[Exercise objective] Go to the line containing "Solomon Islands 10" below; retype it and all following lines exactly, and leave out the pictures.
(Beginning of Exercise data)
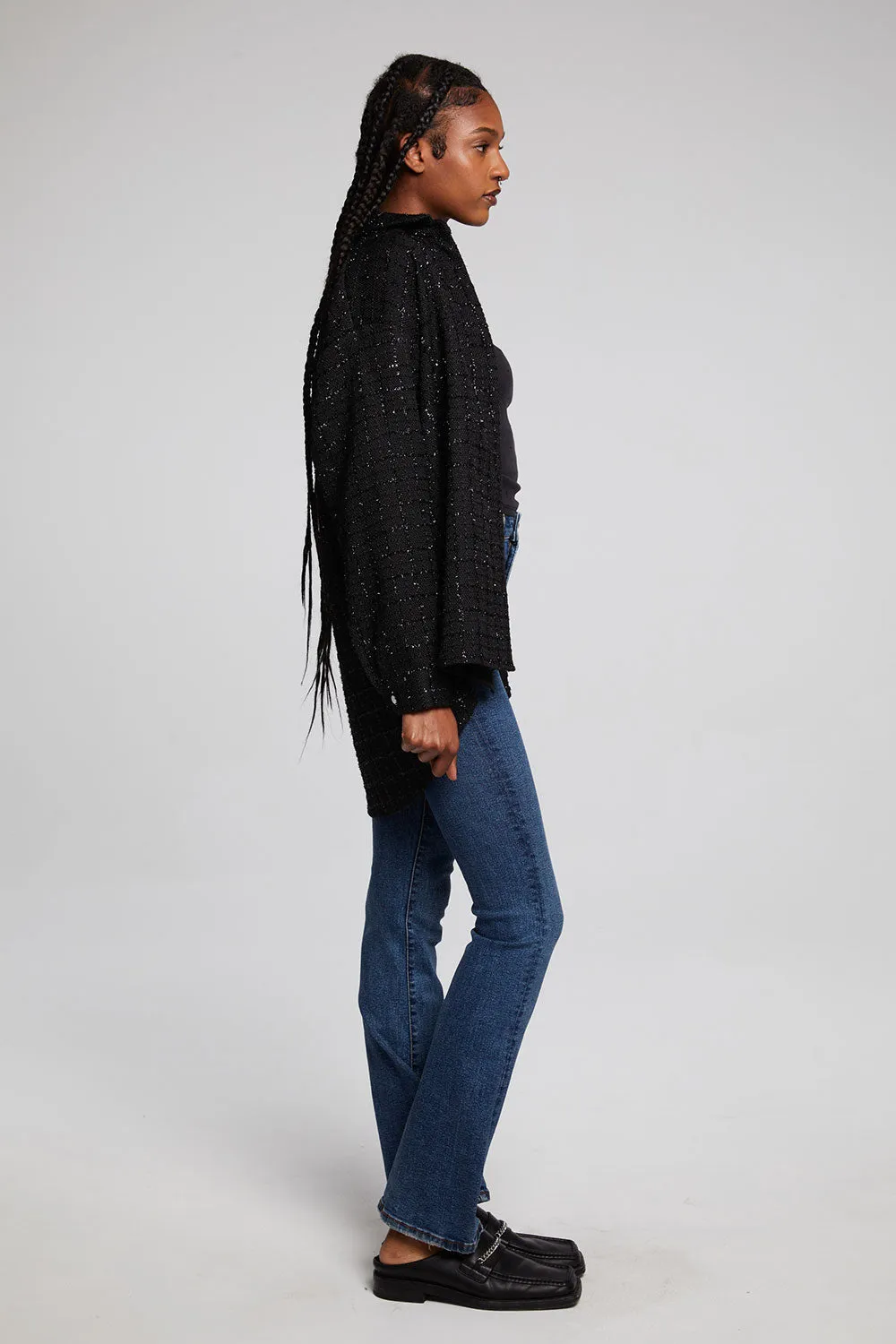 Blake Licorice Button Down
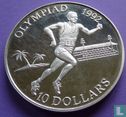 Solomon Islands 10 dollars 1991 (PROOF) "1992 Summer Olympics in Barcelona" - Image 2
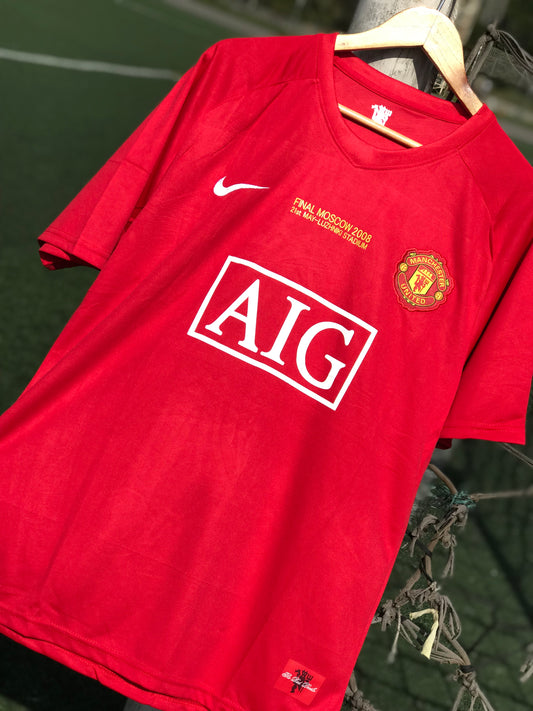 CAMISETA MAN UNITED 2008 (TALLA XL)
(End of Exercise data)
[Exercise answer]
 Solomon Islands 10 dollars 1991 (PROOF) "1992 Summer Olympics in Barcelona" - Image 2
 CAMISETA MAN UNITED 2008 (TALLA XL)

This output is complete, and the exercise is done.